Up to this point, I did not touch on the subject that is going to dominate the game recaps outside of San Jose tonight and tomorrow - the subject of officiating. The scoreboard shows that Detroit took 10 penalties versus 4 by San Jose, something they have not done for over three years in playoffs. Two of those penalties resulted in goals by the Sharks. While most writers would take an easy route, and simply say that the officiating was slanted in the Sharks favor, there is no way I can deny that the mistakes went both ways. Somehow the officials saw a boarding penalty in a play by Patrick Marleau after 2nd period ended, when the replay showed that Marleau probably didn't even touch the Red Wings player. The same could be said about Heatley's penalty, as Stewart pushed him into Howard from behind, but it was Heatley who was shown the way to the penalty box.
Do I agree with all the penalties called on Detroit today? Probably not. Can I ignore the fact that the Red Wings penalty kill allowed two goals yet again in this playoffs? Or the fact that the game winning goal by Joe Thornton was scored on an even strength? I can't.

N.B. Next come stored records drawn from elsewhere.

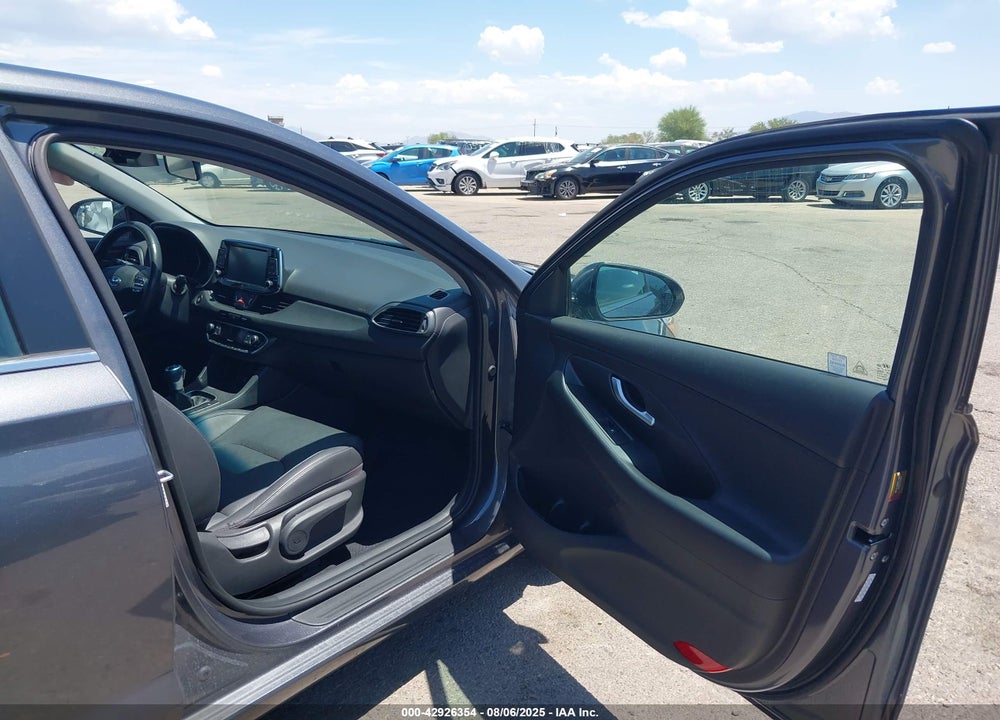 2019 HYUNDAI ELANTRA GT VIN: KMHH35LE2KU113793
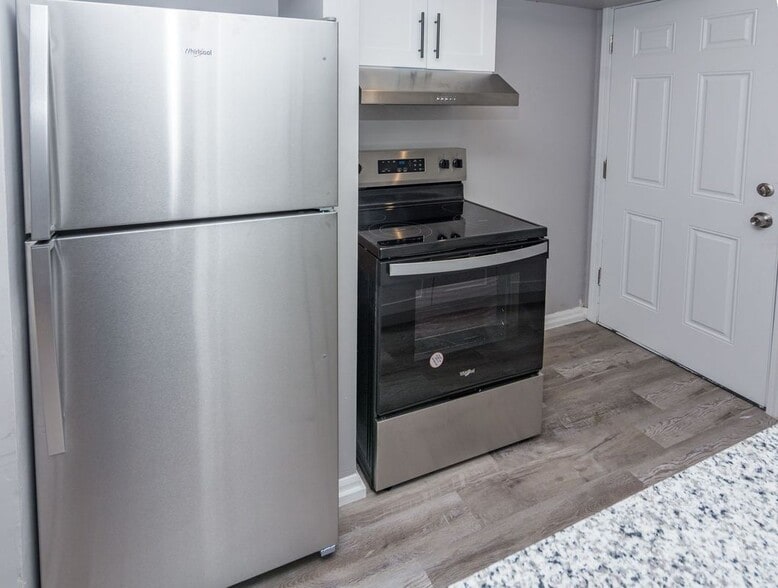 Building Photo - 6133 S Indiana Ave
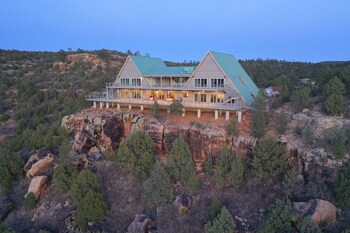 Teepee Lodge With Equus & Firearms/Ranch,United States Of America>>Roy,2 star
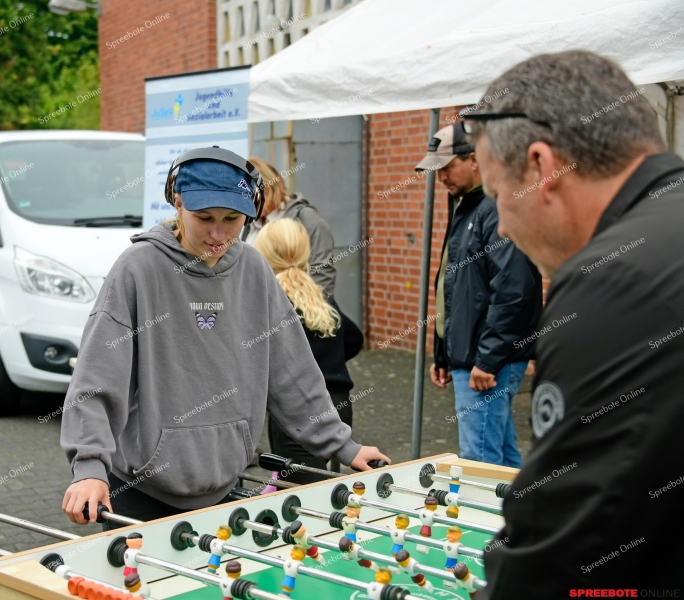 Spreebote-Samariterfest-im-regen-sonne-Mix-034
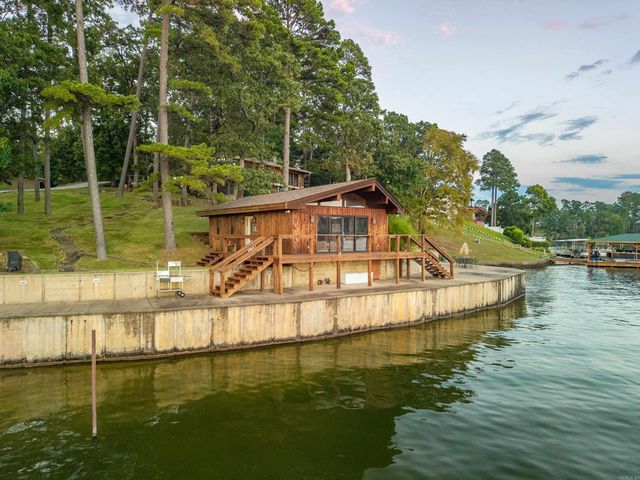 820 Lakeland Pt, Hot Springs, AR 71913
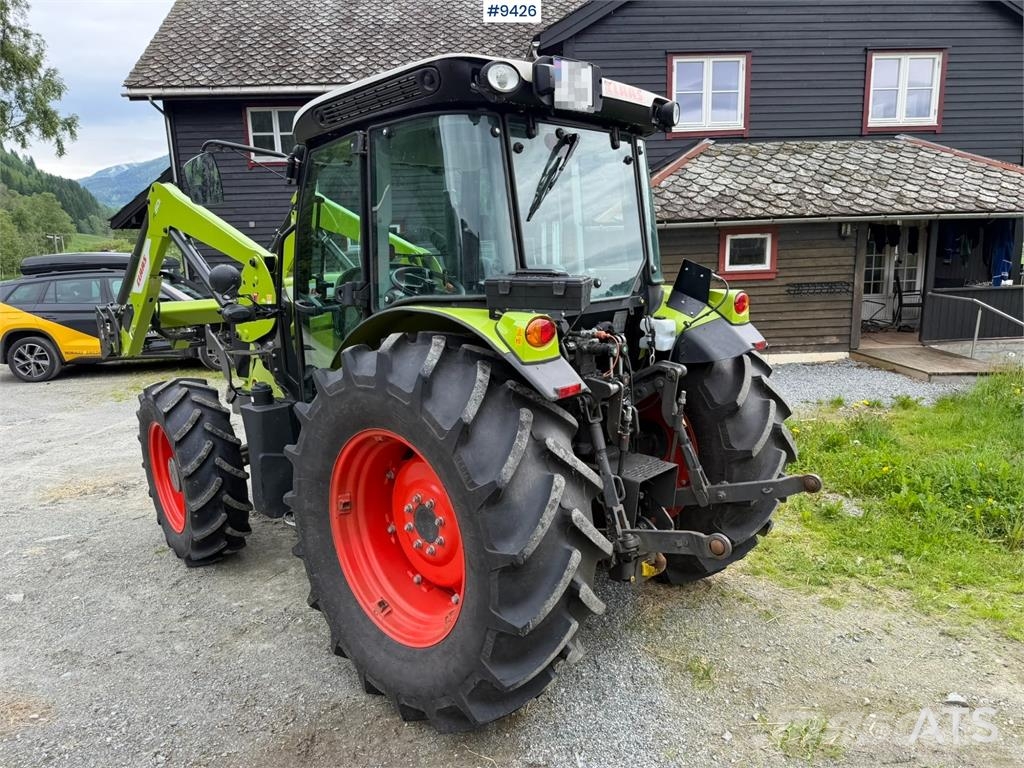 CLAAS Elios 210 트랙터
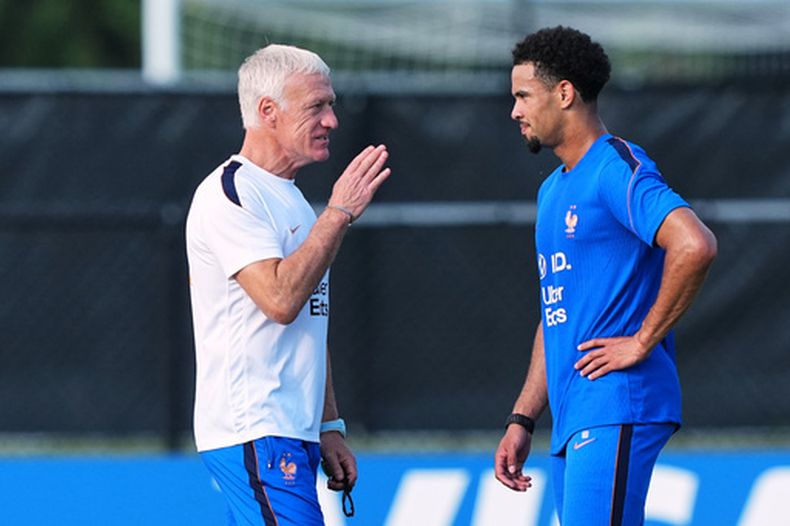 El seleccionador francés Didier Deschamps conversa con el jugador Warren Zaire-Emery durante un entrenamiento en la base de Francia en el Mundial, en Waltham, Massachusetts, el sábado 27 de junio de 2026. (AP Foto/Martin Meissner)
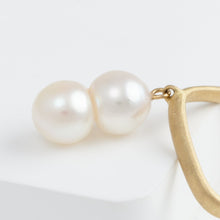 Load image into Gallery viewer, Syami hanging double akoya pearl ear cuff
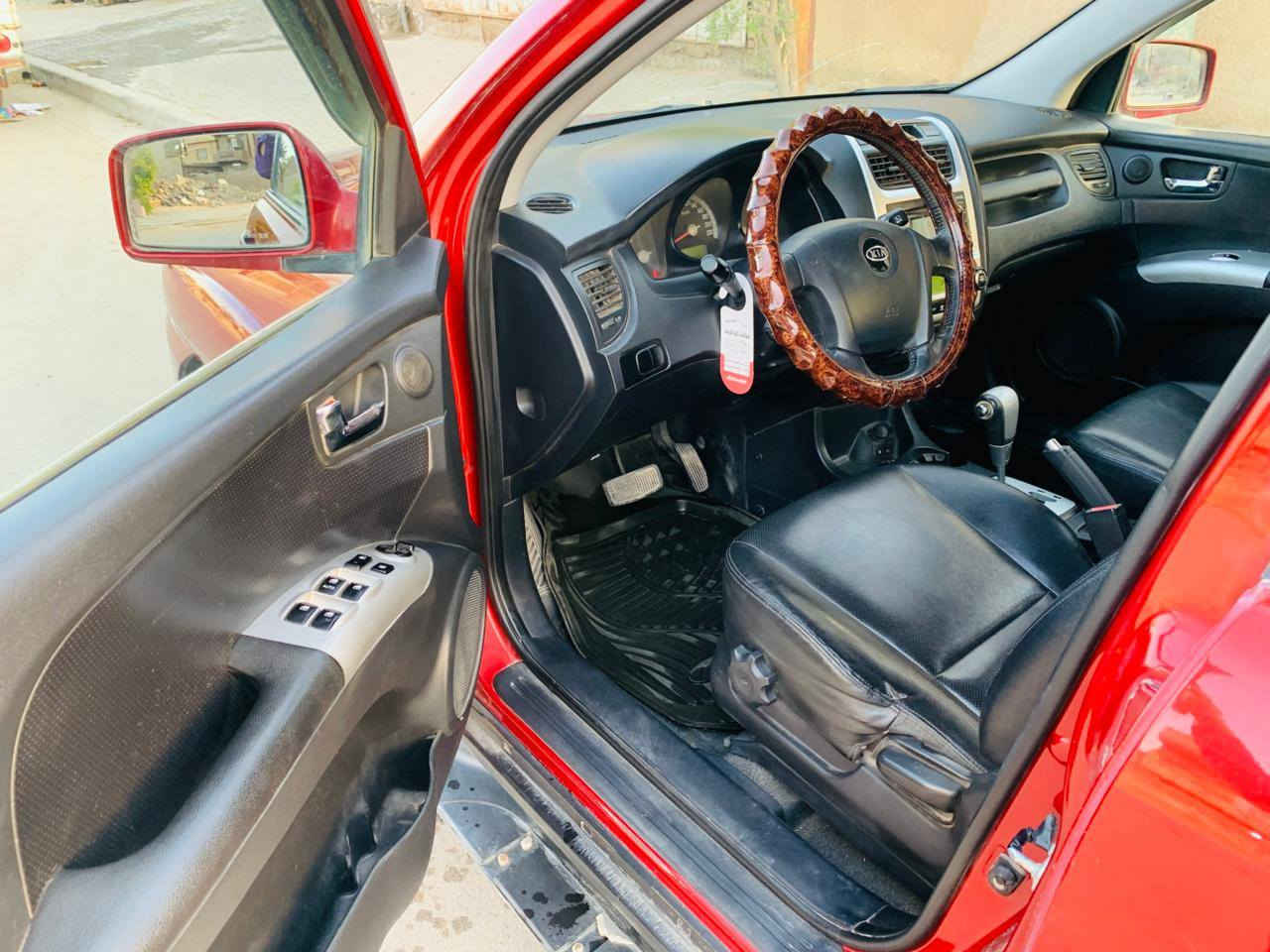 سلام عليكم
سياره  سبورتج موديل 2009 
مكفوله كفاله عامه من صبغ وضربه وتبديل سياره جديده
داخله  كله جديد و على وضع الشركة برغي ما مفتوح بيه
سيارة ماشيه ١٤٠ الف حقيقي. كير ومحرك مكفولات 
سياره صدر الأمامي والخلفي كله جديد حته دبلات جديده   
منضومه تبريد جديده  تبريده. ثلاجه 
مواصفات سياره معروفه
فتحه سقف سلايد
حساسات 
 كشنات تدفئه
 مري شفط 
سياره جديده وهزه جديده تحويل مباشر دينار ما تدفع عليه كبل تحول 
 السعر ١٢٥ وبيه مجال
مكان السياره بغداد 
***********
***********
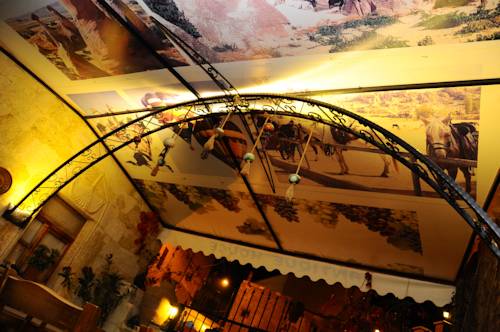 Antique House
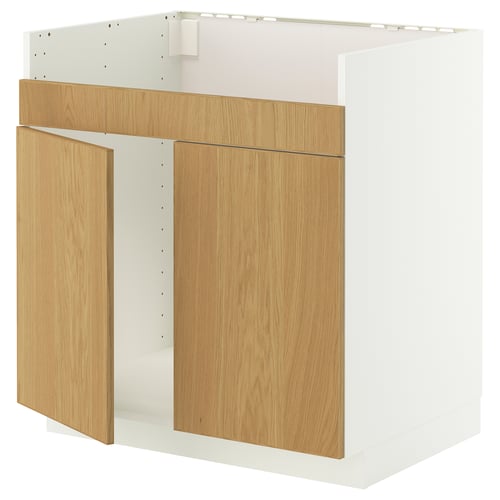 Un meuble de cuisine en bois blanc et clair avec une porte ouverte. Il combine un design moderne et des matériaux naturels pour un look élégant et fonctionnel.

Either way, the Sharks are in a comfortable position headed to Detroit. It's the first time since the Oilers series in 2006 they won two in a row to open the series, and it's the first time the Red Wings lost the first two games in playoffs since they were swept by the Ducks in the first round of 2003 Stanley Cup playoffs. The Sharks have now won five games in a row. On top of that, with 9 goals Joe Pavelski tied a previous record held by Patrick Marleau for the most goals in a single post season, and he's in a prime position to break that record as the series continues on Tuesday.
Speaking to TSN in a post game interview, Patrick Marleau acknowledged that despite a two-game lead in the series, the Sharks still have a long battle ahead, and this much is true. We'll likely see a very different kind of execution from Detroit as they play in front of their fans.
But it'll sure be nice to wake up tomorrow, and start a new week knowing the Sharks are leading the series over Detroit two-to-nothing.